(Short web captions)
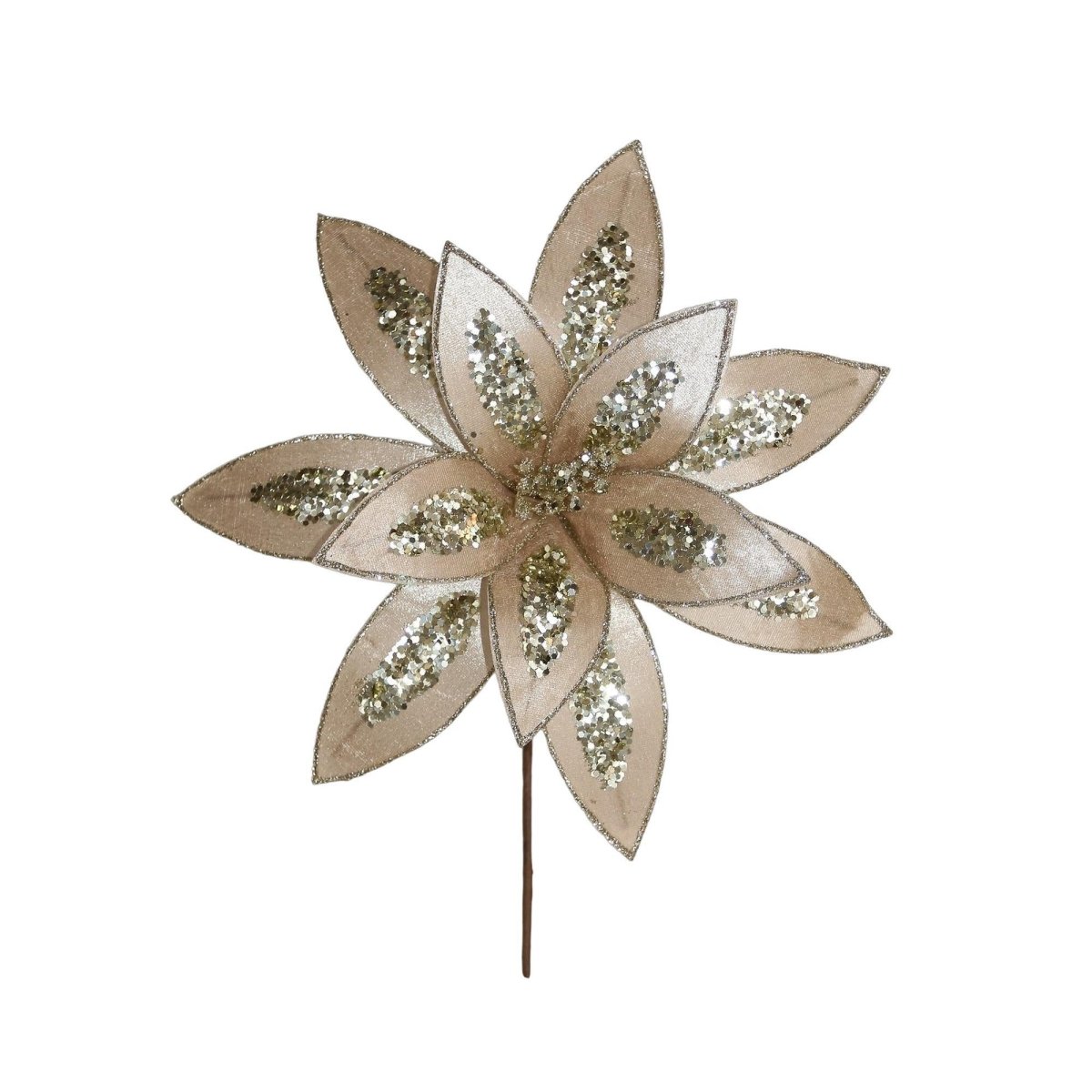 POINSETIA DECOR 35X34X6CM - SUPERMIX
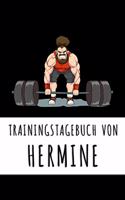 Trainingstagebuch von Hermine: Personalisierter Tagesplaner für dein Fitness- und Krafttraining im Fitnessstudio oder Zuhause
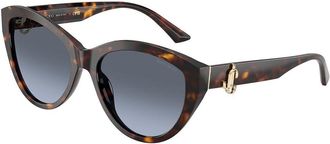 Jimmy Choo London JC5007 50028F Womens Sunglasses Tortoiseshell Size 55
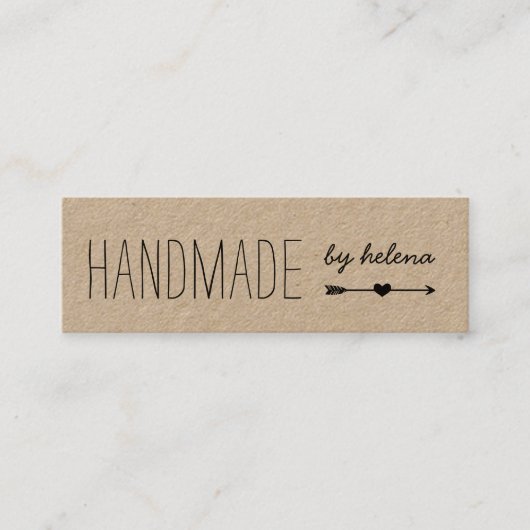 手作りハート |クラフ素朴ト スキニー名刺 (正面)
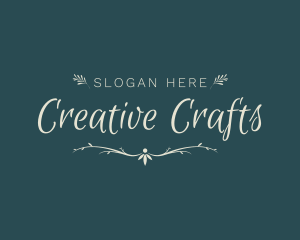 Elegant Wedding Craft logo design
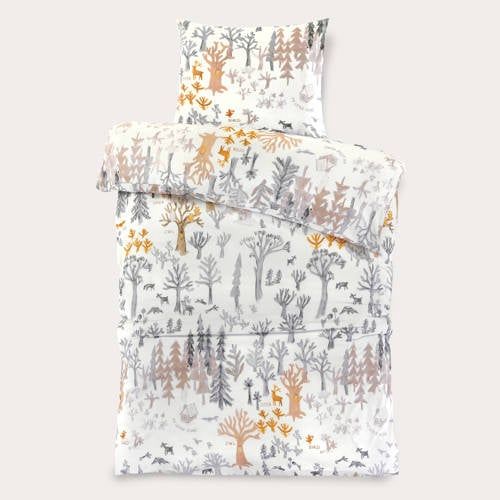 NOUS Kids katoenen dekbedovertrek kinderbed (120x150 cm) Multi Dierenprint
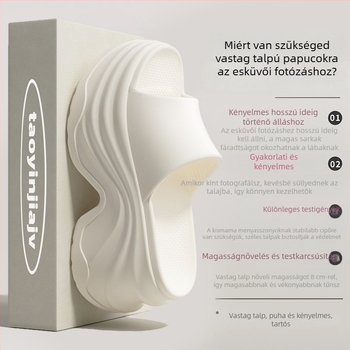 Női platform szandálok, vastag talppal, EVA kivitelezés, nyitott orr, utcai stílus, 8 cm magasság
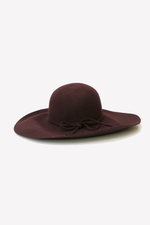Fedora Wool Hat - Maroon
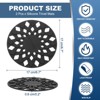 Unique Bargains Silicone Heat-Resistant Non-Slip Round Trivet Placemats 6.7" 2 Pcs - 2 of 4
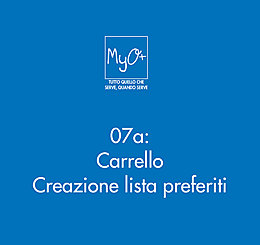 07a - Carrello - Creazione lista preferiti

_PROBLEM DETAILS_
Please repeat every record exactly, leaving the pictures out.

_SOLUTION TO THE PROBLEM_
 POINSETIA DECOR 35X34X6CM - SUPERMIX
 Trainingstagebuch von Hermine: Personalisierter Tagesplaner für dein Fitness- und Krafttraining im Fitnessstudio oder Zuhause
 Jimmy Choo London JC5007 50028F Womens Sunglasses Tortoiseshell Size 55
 手作りハート |クラフ素朴ト スキニー名刺 (正面)
 Elegant Wedding Craft logo design
 NOUS Kids katoenen dekbedovertrek kinderbed (120x150 cm) Multi Dierenprint
 Női platform szandálok, vastag talppal, EVA kivitelezés, nyitott orr, utcai stílus, 8 cm magasság
Fedora Wool Hat - Maroon
 Unique Bargains Silicone Heat-Resistant Non-Slip Round Trivet Placemats 6.7" 2 Pcs - 2 of 4
 07a - Carrello - Creazione lista preferiti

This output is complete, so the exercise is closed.